In the material below, find the line with "by George Harrison"; set down that line and every line after it to the end, exactly, without pictures.

[Data extract — start]

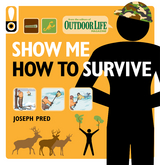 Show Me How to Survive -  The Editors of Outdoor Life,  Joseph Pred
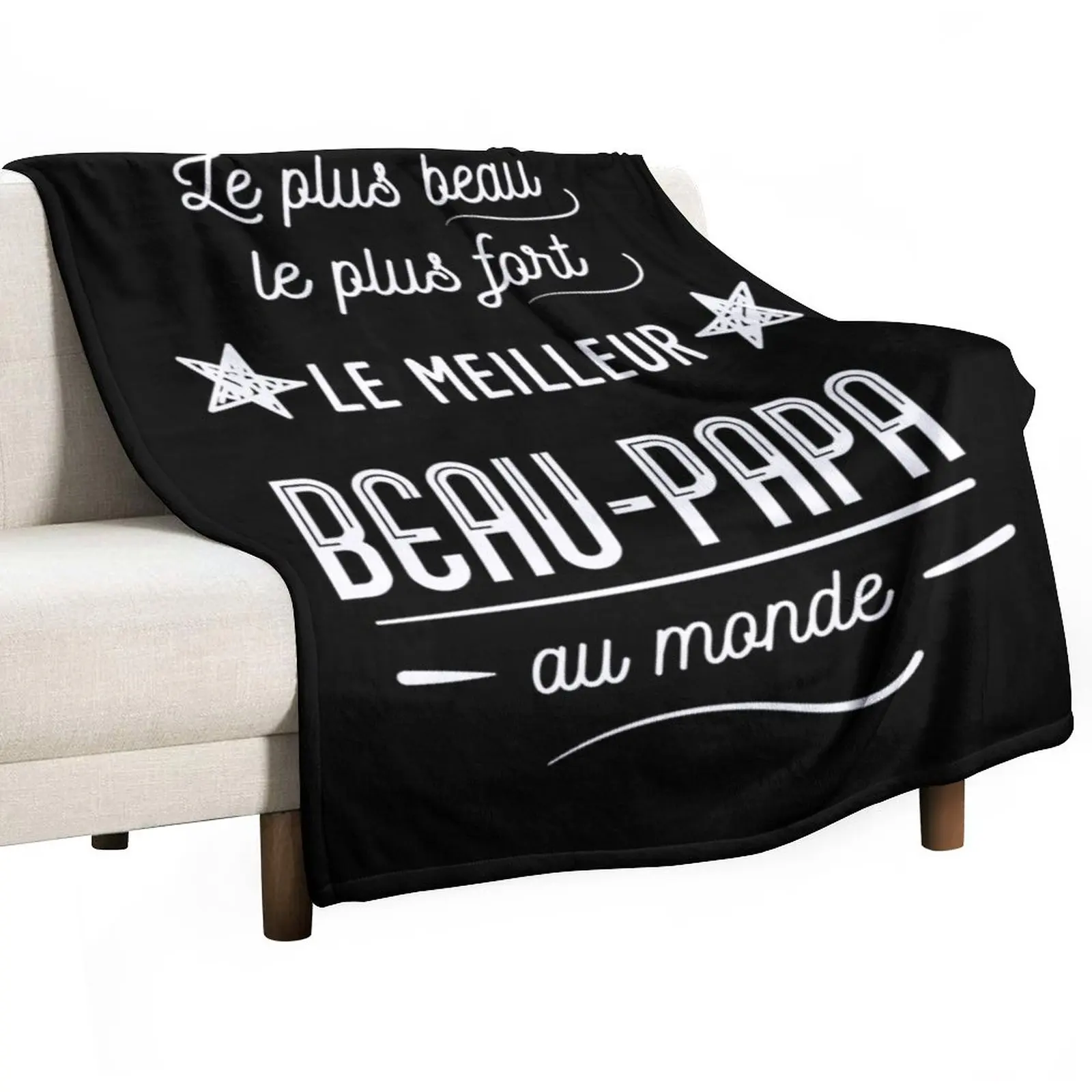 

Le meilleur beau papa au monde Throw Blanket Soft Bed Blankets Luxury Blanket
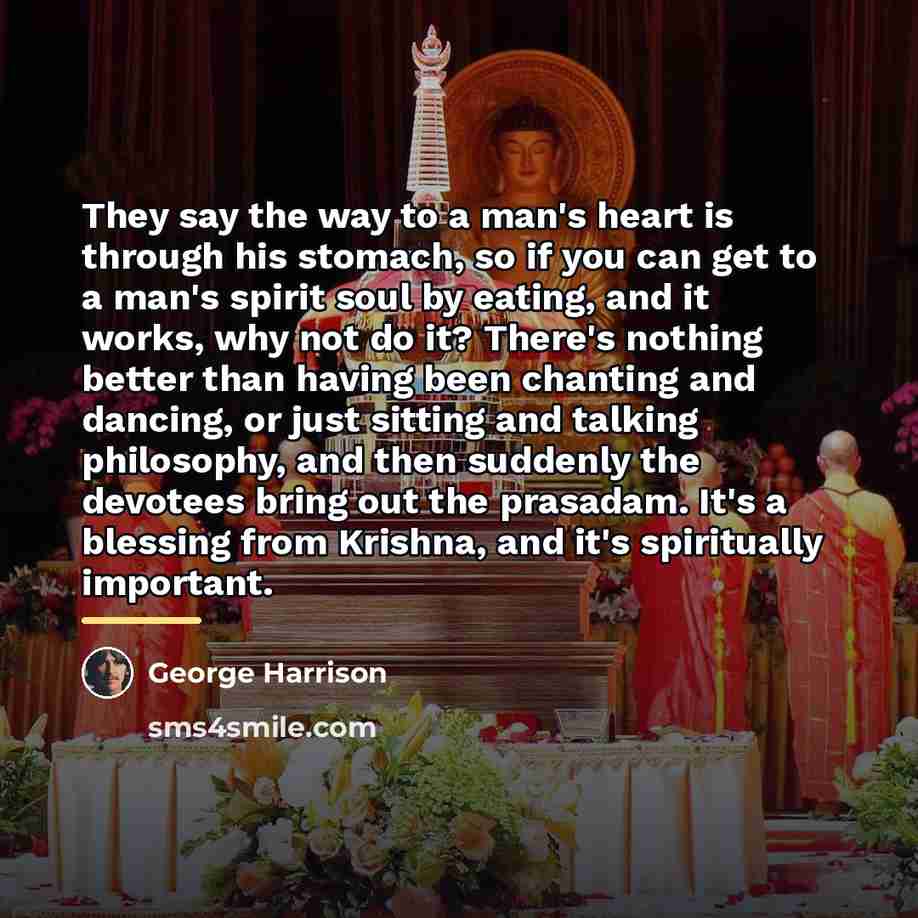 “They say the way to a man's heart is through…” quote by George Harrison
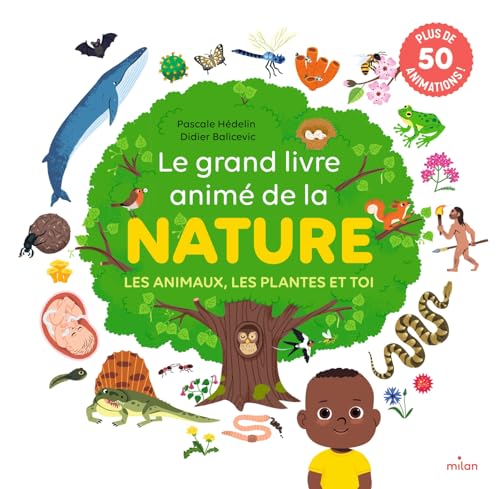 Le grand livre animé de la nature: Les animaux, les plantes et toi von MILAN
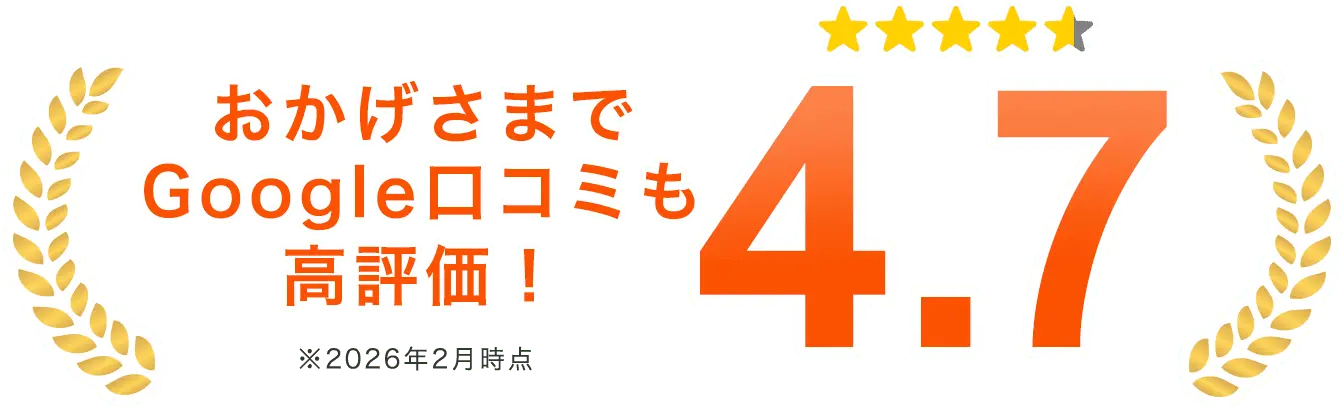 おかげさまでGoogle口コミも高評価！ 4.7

[Data extract — finish]

#### Exercise answer:
 “They say the way to a man's heart is through…” quote by George Harrison
 Le grand livre animé de la nature: Les animaux, les plantes et toi von MILAN
 おかげさまでGoogle口コミも高評価！ 4.7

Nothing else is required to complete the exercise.